I have depooled a replica in es5 to do maintenance and after an hour, there are still connections to it from the entity data dumper. That's the only maint script/dumper that still holds and keeps connecting to the depooled db after this time. This problem hinders DBAs ability to do maintenance (and more importantly primary switchovers are not getting reflected meaning the primary can get a lot of reads).

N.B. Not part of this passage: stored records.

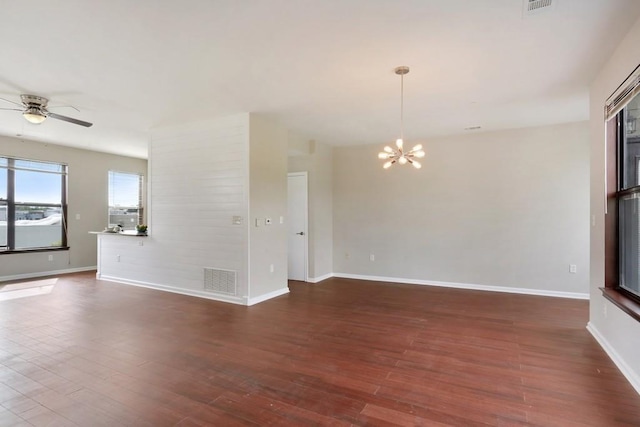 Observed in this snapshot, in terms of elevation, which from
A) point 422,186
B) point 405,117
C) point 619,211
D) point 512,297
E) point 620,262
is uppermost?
point 405,117

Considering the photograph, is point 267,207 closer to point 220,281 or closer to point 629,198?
point 220,281

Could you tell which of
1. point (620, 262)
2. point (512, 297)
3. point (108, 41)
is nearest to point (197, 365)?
point (108, 41)

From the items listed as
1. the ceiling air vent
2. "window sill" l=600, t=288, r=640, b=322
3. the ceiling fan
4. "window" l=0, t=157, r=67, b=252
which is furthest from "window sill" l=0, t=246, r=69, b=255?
"window sill" l=600, t=288, r=640, b=322

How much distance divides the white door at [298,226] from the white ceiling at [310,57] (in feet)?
5.84

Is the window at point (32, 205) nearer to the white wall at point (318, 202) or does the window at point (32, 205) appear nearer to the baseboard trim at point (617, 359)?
the white wall at point (318, 202)

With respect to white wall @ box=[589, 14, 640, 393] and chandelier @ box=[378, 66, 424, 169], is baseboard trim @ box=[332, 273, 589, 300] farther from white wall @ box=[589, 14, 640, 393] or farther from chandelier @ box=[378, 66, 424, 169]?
chandelier @ box=[378, 66, 424, 169]

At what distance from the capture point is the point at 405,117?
5.01 m

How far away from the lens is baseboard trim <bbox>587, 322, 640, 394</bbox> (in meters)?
2.52

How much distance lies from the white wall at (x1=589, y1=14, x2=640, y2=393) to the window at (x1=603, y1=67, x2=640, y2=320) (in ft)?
0.38

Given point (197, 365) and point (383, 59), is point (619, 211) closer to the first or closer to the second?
point (383, 59)

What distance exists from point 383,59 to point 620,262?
2957 millimetres

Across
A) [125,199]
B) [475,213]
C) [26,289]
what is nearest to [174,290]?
[26,289]

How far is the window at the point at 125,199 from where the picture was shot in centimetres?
827

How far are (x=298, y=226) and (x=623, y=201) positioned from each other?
4.86 meters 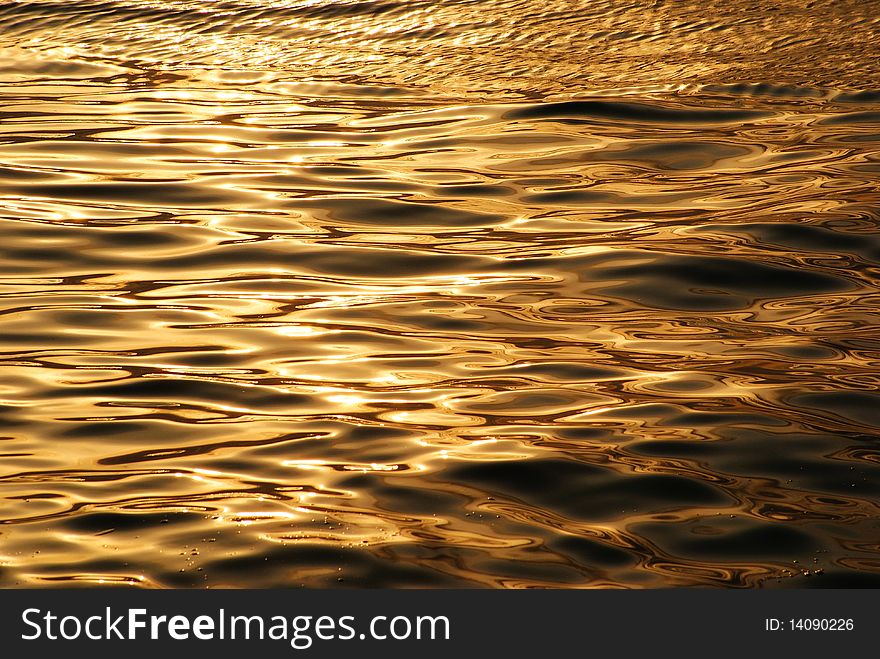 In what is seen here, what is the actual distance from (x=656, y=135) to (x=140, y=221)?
159 cm

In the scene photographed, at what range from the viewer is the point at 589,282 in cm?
321

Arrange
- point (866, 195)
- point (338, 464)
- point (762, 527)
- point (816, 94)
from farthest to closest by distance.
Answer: point (816, 94)
point (866, 195)
point (338, 464)
point (762, 527)

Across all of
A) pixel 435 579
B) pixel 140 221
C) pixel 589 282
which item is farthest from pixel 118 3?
pixel 435 579

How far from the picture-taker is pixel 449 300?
312 cm

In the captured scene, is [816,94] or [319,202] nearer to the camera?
[319,202]

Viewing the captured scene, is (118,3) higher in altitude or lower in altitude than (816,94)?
higher

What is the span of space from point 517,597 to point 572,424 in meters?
0.59

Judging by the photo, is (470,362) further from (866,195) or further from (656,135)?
(656,135)

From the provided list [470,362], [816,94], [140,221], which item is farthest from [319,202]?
[816,94]

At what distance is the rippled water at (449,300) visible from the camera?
216 cm

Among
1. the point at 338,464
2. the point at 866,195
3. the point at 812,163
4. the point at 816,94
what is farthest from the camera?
the point at 816,94

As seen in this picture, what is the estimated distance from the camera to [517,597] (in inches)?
77.2

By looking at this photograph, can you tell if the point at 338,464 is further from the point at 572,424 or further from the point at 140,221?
the point at 140,221

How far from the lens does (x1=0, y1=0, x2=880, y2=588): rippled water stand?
2162 millimetres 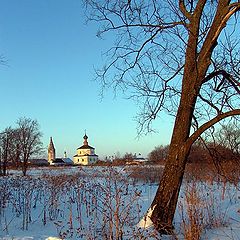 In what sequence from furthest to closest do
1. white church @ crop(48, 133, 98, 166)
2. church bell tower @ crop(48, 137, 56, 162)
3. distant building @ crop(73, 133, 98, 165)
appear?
church bell tower @ crop(48, 137, 56, 162) → white church @ crop(48, 133, 98, 166) → distant building @ crop(73, 133, 98, 165)

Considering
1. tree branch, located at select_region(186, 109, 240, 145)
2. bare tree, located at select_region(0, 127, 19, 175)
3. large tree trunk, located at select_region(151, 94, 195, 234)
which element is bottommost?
large tree trunk, located at select_region(151, 94, 195, 234)

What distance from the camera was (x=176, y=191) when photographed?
6930 mm

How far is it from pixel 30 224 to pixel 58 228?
93 centimetres

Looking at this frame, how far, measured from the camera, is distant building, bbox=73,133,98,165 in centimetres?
9293

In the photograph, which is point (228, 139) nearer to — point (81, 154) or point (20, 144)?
point (20, 144)

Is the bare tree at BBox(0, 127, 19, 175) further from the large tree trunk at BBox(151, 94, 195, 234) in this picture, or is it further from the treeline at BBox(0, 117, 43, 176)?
the large tree trunk at BBox(151, 94, 195, 234)

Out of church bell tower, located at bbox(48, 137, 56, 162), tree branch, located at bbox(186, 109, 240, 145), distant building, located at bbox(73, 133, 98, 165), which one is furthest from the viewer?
church bell tower, located at bbox(48, 137, 56, 162)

This is similar to T298485: MW scripts should reload the database config and a proper fix would be to reload config on the fly but at least (and as a quick measure), the dumper should not take this long, it should be split to smaller batches that take maybe an hour or less.

Event Timeline

Hm, this would be visible in the dump files, right? I remember noticing a while ago that the dump started with a subset of item IDs in ascending order, then eventually jumped back to the beginning and did another subset, and so on. If I understand correctly, this is because we run eight(?) dumpers in parallel, going through item IDs congruent 0-7 modulo 8 (or something like that – it might also be based on the page ID), and then we concatenate their results at the end (with some slight editing to fix up the JSON array syntax). If we increase the number of dumpers, the results will probably be listed in a different order.

Hm, this would be visible in the dump files, right?

I don't think so, maybe I'm missing your point.

what it should be as something along the lines of other dumpers, short period of time and then picking it up from where it was left off. So after doing maybe 1000 items, it can exit and signal the last item id it was done, then the runner picks it up and start from that item id and run the script again concatenating to the same file. It doesn't need to change anything in file structure of the file or concurrency of the jobs.

Okay, that makes sense. So we’d have the same number of dumpers running in parallel, each of them sequentially running through its segment of the item IDs with periodic restarts.

I'll have a look soon (probably in early March, as I'm away-ish now).

Today, I was trying to upgrade s8 to bullseye and I can't depool any host, they all ended up with lingering connections from snapshot1011.eqiad.wmnet. Can you in the meantime tell me when this script is being ran? so I avoid that time.

Mentioned in SAL (#wikimedia-operations) [2022-03-02T08:02:20Z] <Amir1> killing all entity dumpers of wikidata in snapshot1008 (T300255)

I'm sorry but I just killed all rdf and json dumper that kept connecting to depooled s8 db I needed to do maintenance on. Please assume this week's dump is failed.

If the DBAs are going to kill our dumps over this then I assume finding a solution must be high priority.

Change 768032 had a related patch set uploaded (by Hoo man; author: Hoo man):

[operations/puppet@production] Wikibase dumps: Lower batch size (reduce run time)

https://gerrit.wikimedia.org/r/768032

Change 768032 merged by Ladsgroup:

[operations/puppet@production] Wikibase dumps: Lower batch size (reduce run time)

https://gerrit.wikimedia.org/r/768032

I don’t think we can verify this, let’s just assume it’s working better now unless we hear otherwise from the DBAs.